NFPA’s December 2014 Confidential Shipment Statistics (CSS) report, a monthly source of fluid power shipment and order data trends often used to benchmark company performance, confirmed that the fluid power industry has finally eluded “The December Decline.” Fluid power manufacturers certainly won’t miss this November to December annual decline and welcome December growth for the first time since 2010, but should realize that much of this trend reversal is due to an extremely weak November. Unfortunately, not all segments of the industry came out ahead in December with industrial hydraulics continuing the December slide for yet another year.
Preliminary December 2014 shipments of fluid power products increased 10.2% compared to December 2013 and increased 2.7% when compared with November 2014. Mobile hydraulic, industrial hydraulic, and pneumatic shipments increased when compared with December 2013. Mobile hydraulic and pneumatic shipments increased, while industrial hydraulic shipments decreased when compared with last month.
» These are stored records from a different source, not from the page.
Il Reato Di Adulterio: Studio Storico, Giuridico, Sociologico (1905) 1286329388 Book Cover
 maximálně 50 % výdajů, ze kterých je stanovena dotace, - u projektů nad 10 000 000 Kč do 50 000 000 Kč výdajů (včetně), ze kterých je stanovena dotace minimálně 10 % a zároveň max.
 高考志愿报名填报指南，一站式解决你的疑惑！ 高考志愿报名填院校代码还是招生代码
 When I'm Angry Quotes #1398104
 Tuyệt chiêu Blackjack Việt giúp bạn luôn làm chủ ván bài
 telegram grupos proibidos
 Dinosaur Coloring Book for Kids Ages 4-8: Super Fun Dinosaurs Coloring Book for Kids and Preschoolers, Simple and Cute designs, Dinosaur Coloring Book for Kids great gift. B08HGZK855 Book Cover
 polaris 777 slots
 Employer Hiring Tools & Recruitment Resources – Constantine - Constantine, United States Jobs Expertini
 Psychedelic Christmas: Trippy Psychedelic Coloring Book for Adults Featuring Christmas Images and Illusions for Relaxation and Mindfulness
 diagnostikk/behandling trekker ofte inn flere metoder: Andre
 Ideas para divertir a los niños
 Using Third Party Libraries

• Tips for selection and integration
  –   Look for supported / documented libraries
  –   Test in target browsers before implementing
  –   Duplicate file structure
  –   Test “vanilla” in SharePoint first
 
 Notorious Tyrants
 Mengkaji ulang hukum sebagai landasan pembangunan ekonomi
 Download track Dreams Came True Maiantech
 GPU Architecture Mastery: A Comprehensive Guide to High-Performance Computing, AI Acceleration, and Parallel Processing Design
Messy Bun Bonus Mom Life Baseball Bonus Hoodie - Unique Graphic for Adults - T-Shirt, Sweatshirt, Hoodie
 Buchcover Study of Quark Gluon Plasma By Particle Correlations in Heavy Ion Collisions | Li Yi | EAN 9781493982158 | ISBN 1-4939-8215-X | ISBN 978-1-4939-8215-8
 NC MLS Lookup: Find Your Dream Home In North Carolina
Final November 2014 shipments of fluid power products decreased 0.7% to an overall 5% for the 2014 calendar year when compared with the same time period in 2013. Both the 12-Month Moving Average (MMA) index of 105.2, an indicator of change in the size of the industry, and the 12/12 Ratio index of 105.7, an indicator of change in the rate of growth in the industry, maintain levels above 100 but have begun to decline. The direction and speed in which these two index indicators move, as well as their position above or below 100, can help you understand the short-term outlook for our industry.
Fluid power manufacturers have now shifted their focus to 2015 and what is to come. Most are hoping at the very least that we continue the industry’s typical “bell-shaped” curve trend and start 2015 off with a strong first quarter. The NFPA Forecast Report, supplied by ITR Economics, points to continued growth in 2015 for the fluid power industry with growth of 1.8% over 2014.